Workers at an Indiana warehouse owned by Wal-Mart filed unfair labor charges Thursday with the National Labor Relations Board against the staffing agency that employs them and the company that operates the warehouse.

The workers allege they were forced to work without heat during the extremely cold weather earlier this year.

They have signed a petition asking for higher wages, a path to full-time employment and a safe work environment. Two workers who asked their colleagues to sign the petition claim they were illegally fired.

David Fields, one of the workers who was fired, said he began organizing his colleagues when he learned that some had worked at the warehouse for three winters without heat.

Fields said the workers didn’t complain because they work for a staffing agency without benefits or job security.
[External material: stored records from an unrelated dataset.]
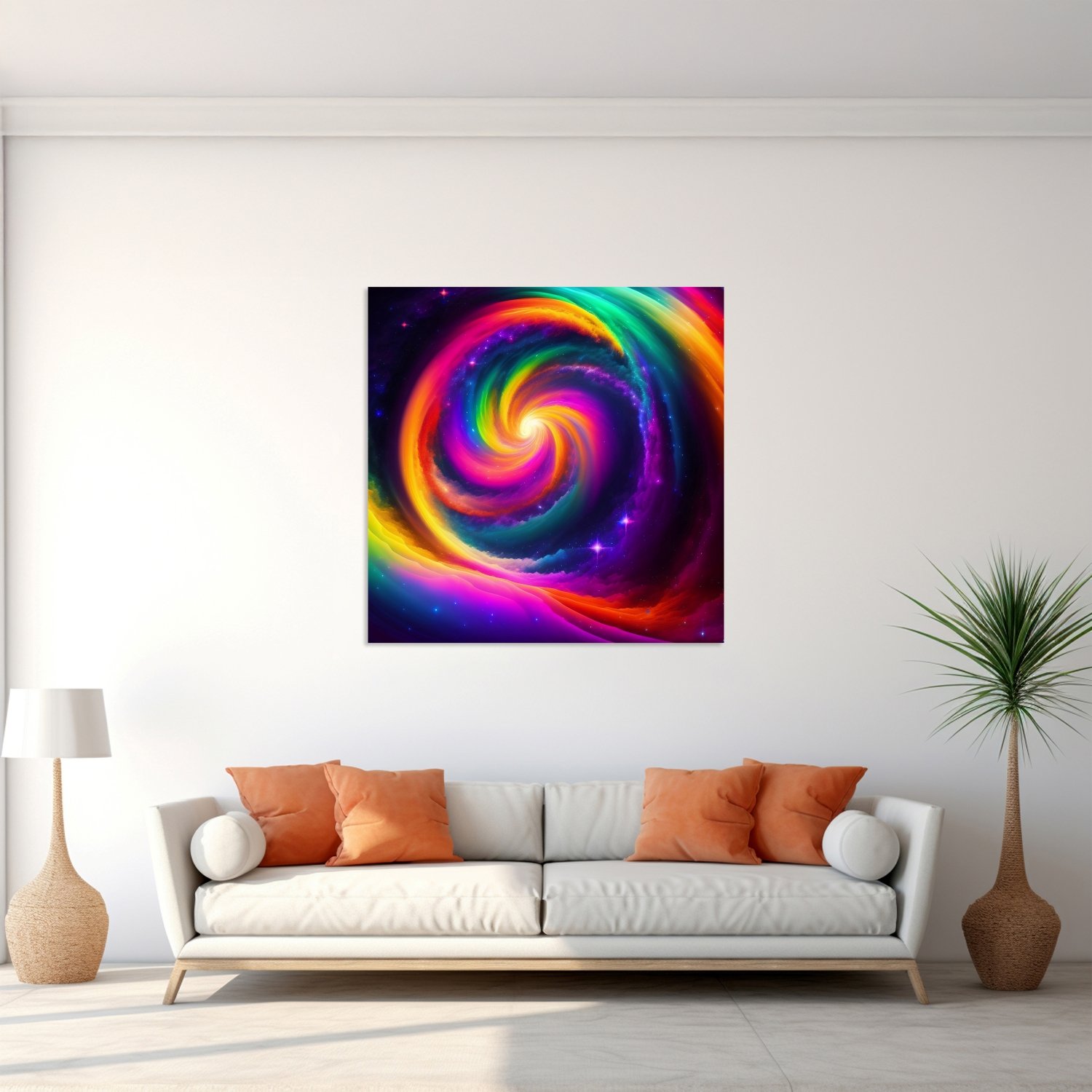 Renkli Spiral Enerji
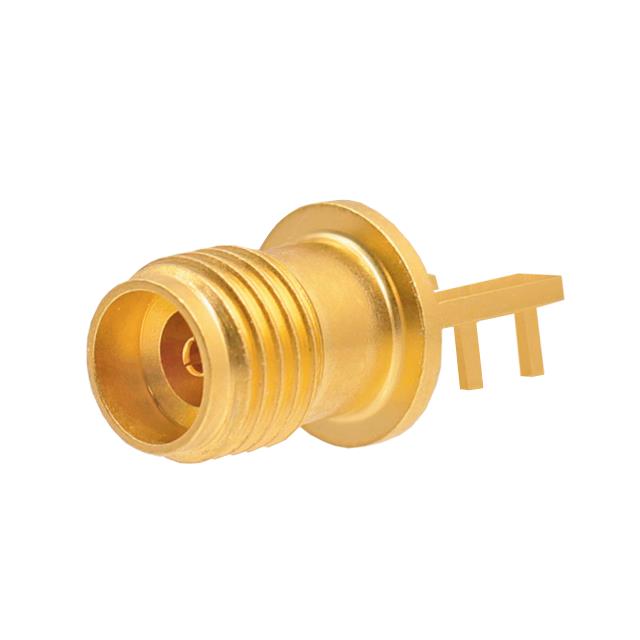 2.92MM JACK, PCB END LAUNCH,THRO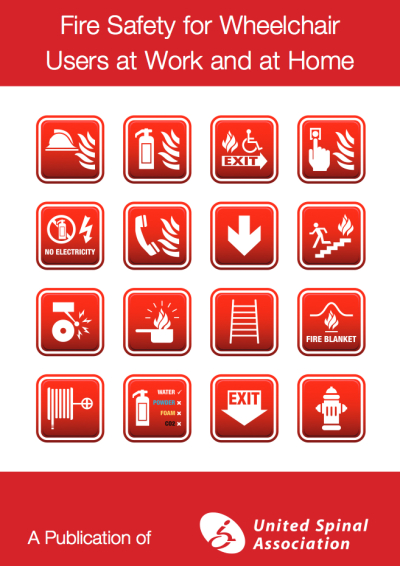 Fire safey for wheelchair users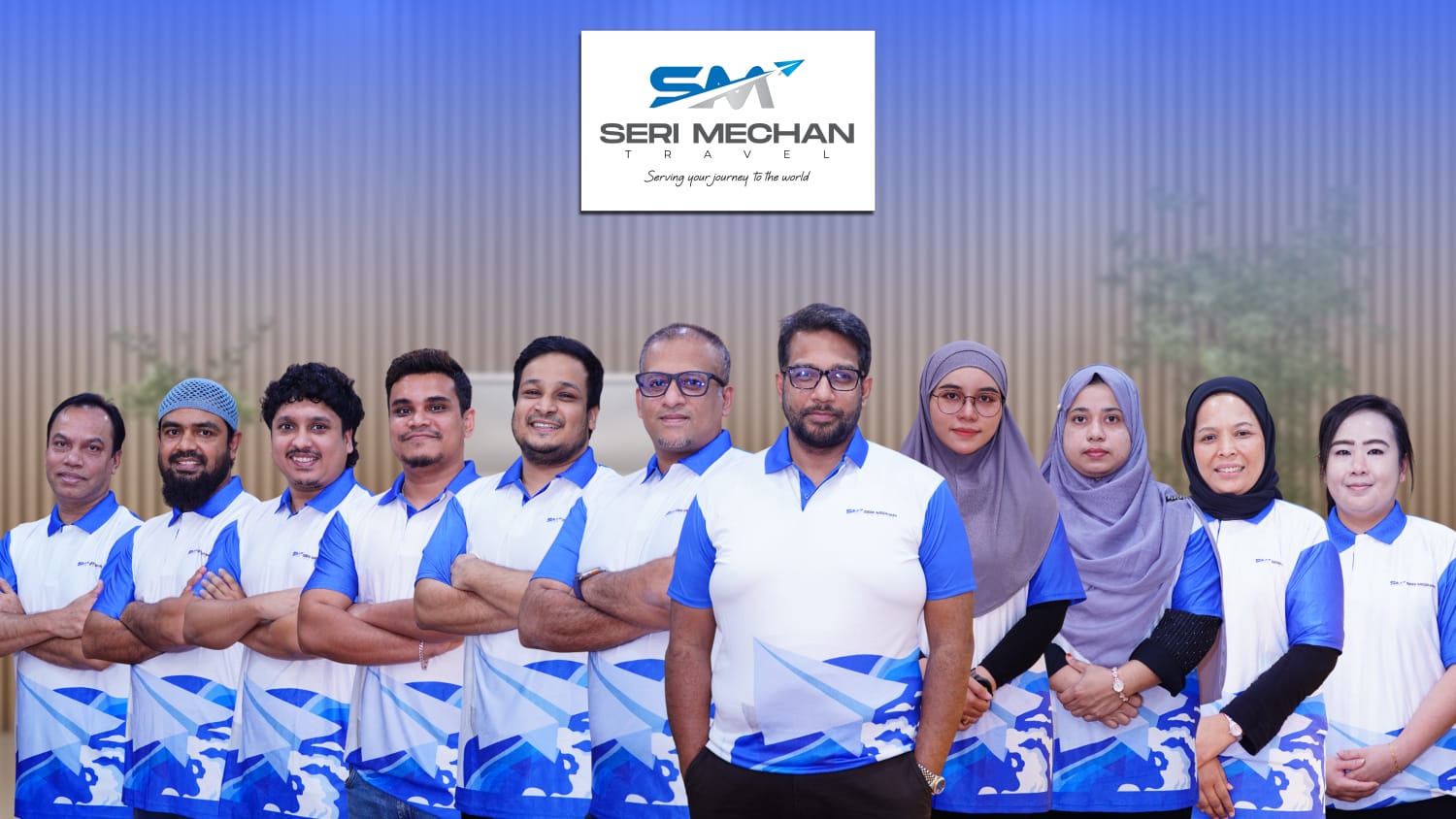 Seri Mechan Travel Kuala Lumpur team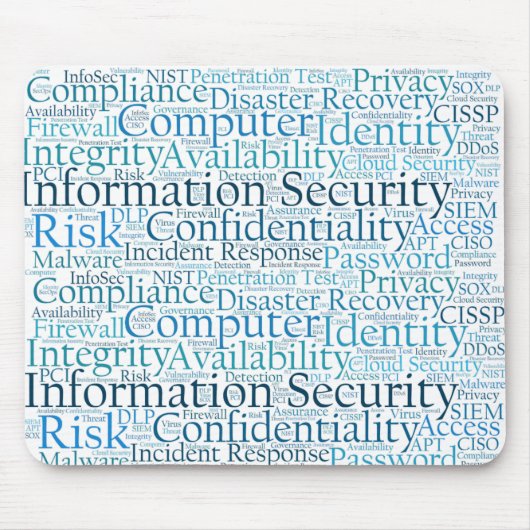 InfoSec-Muismat Muismat (Voorkant)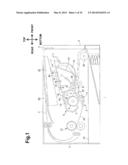 Cap Configuration for a Toner Cartridge diagram and image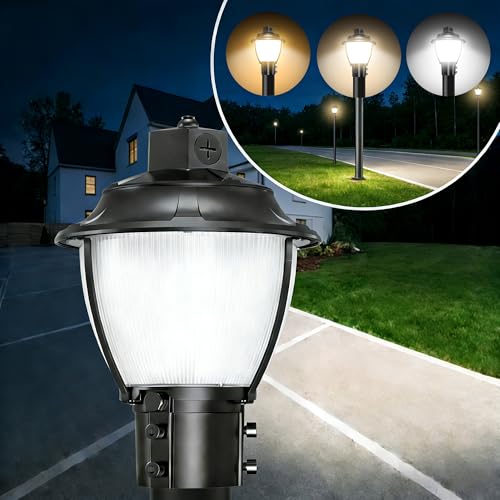 LED Post Top Light 80W (8.66 Inch)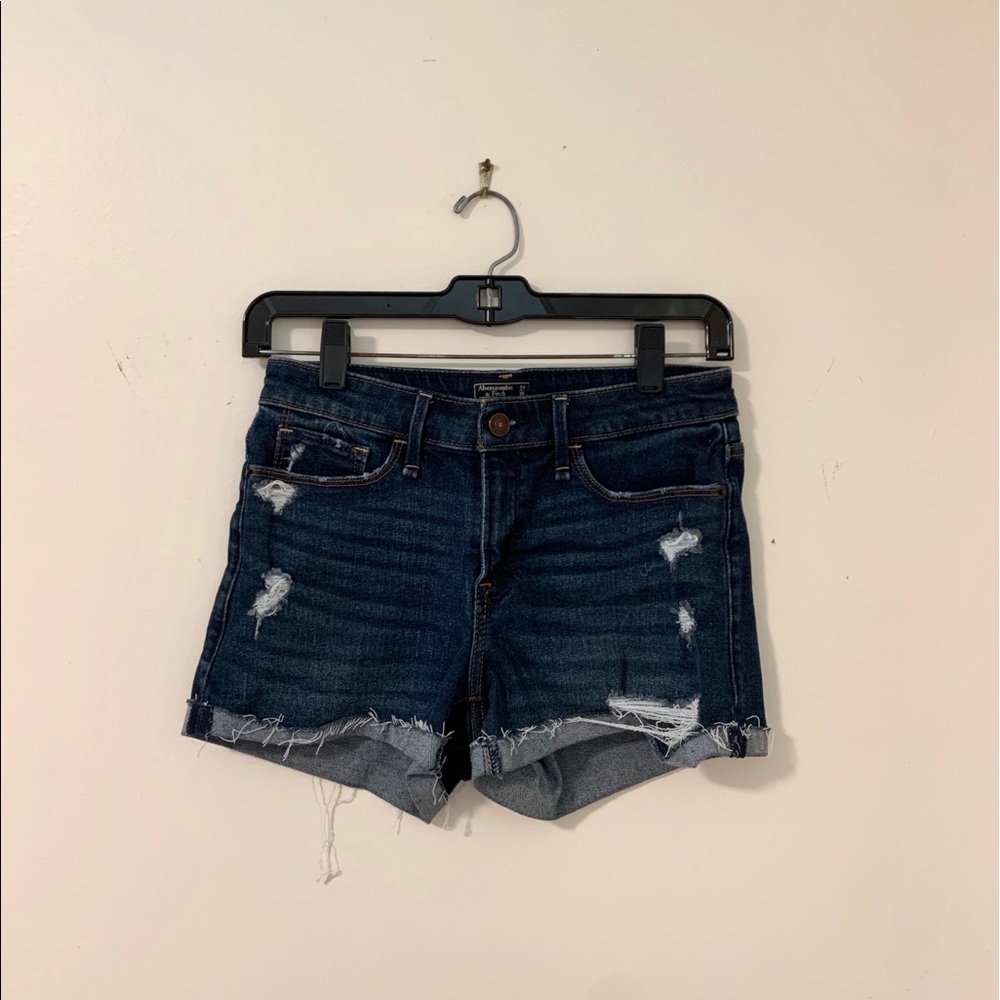 Abercrombie and Fitch denim shorts
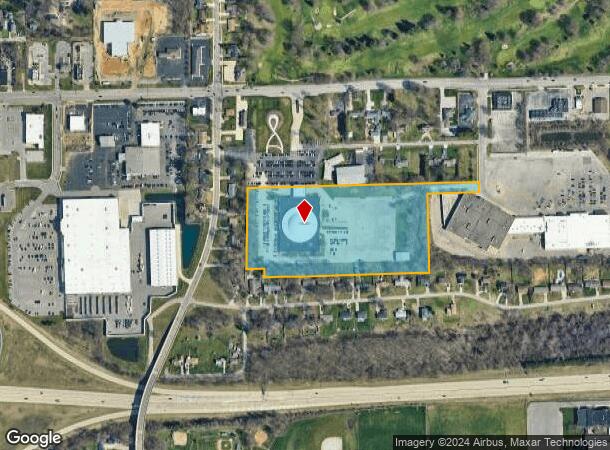  530A E Ireland Rd, South Bend, IN Parcel Map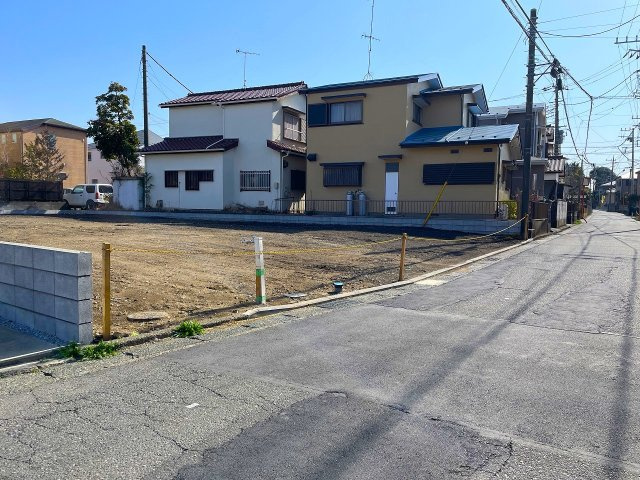 【前面道路含む現地写真】 | ◇◆寒川町小谷1丁目 売地 全2区画【NO,2】◆◇ | 平坦地につき自転車、徒歩でのご移動もラクラクです！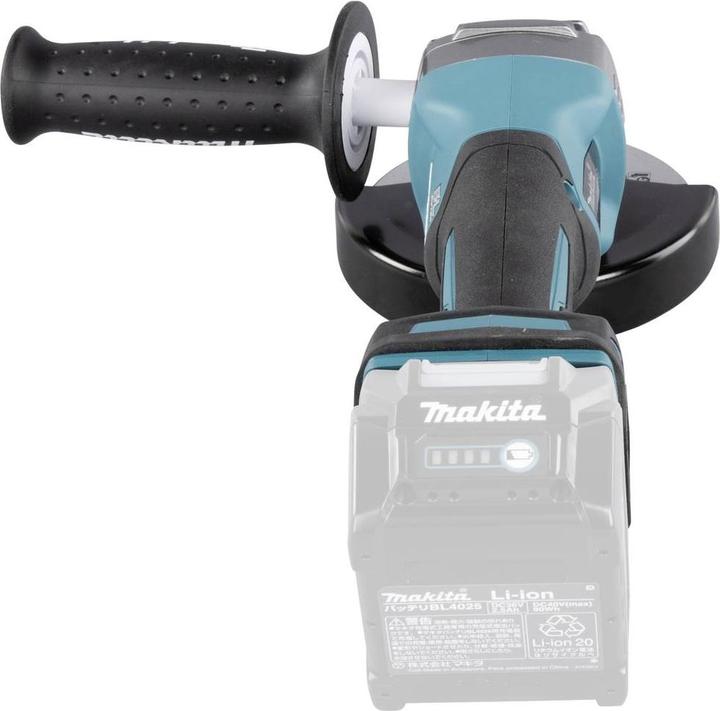 Actual product image Makita 40V 125mm Cordless Angle Grinder GA016GZ (125 mm)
Workers make about $9 per hour to load and unload boxes and $10.50 per hour to operate forklifts.

Fields is also a member of Warehouse Workers Organizing Committee, a group funded by the United Electrical union.

The group is part of a larger movement to unionize warehouse workers around the country, a challenging goal because many of them are temporary workers employed by staffing agencies.

A spokesman with the agency said it received a complaint in January and opened an investigation, which has not been finalized.

Workers said the warehouse operator, LINC Logistics, installed space heaters after they filed the complaint with the agency.

John Locke, director of operations at Oakland Logistics, a subdivision of LINC, said the company denies any wrongdoing. He added that the company doesn’t comment on pending charges or allegations.

Kory Lundberg, a Wal-Mart spokesman, said Wal-Mart expects its third party service providers to maintain legal compliance in their operations, especially with their workforce.